• **Problem requirements**
Give the data below again exactly as written, without its pictures.

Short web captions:
- Opening Delimiter -
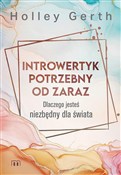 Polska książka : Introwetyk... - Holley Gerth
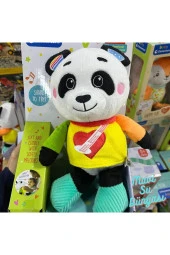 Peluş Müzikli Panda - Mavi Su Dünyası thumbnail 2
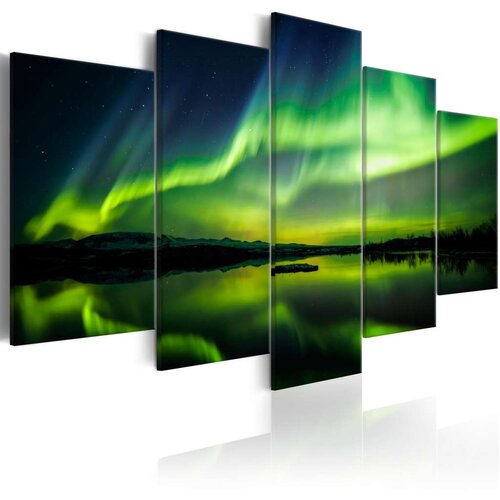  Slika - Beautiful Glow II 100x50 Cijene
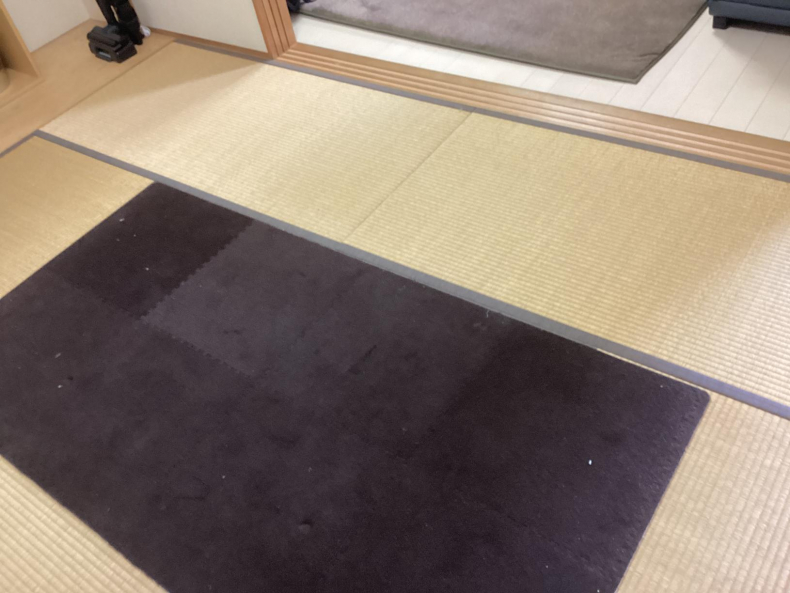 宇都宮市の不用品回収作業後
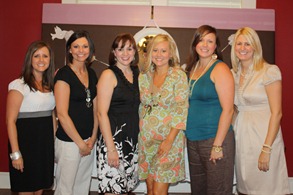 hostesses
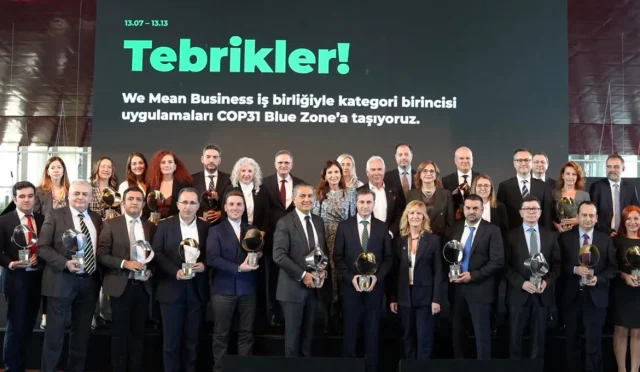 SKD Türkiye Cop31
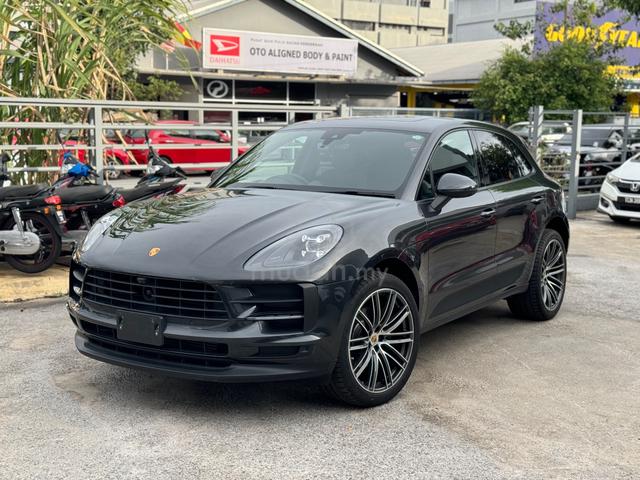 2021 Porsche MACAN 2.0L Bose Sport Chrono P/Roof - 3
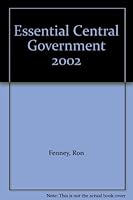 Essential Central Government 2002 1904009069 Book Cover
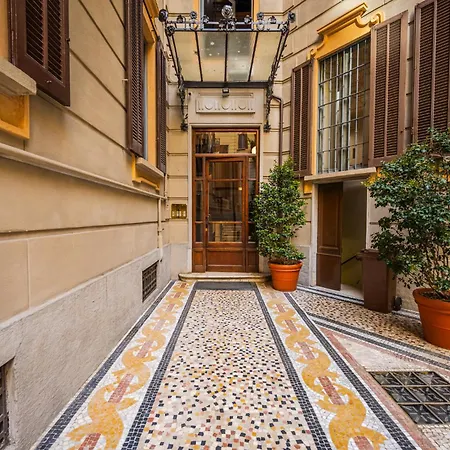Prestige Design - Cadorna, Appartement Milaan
- Closing Delimiter -
• **Solution to the problem**
 Polska książka : Introwetyk... - Holley Gerth
 Peluş Müzikli Panda - Mavi Su Dünyası thumbnail 2
  Slika - Beautiful Glow II 100x50 Cijene
 宇都宮市の不用品回収作業後
 hostesses
 SKD Türkiye Cop31
 2021 Porsche MACAN 2.0L Bose Sport Chrono P/Roof - 3
 Essential Central Government 2002 1904009069 Book Cover
Prestige Design - Cadorna, Appartement Milaan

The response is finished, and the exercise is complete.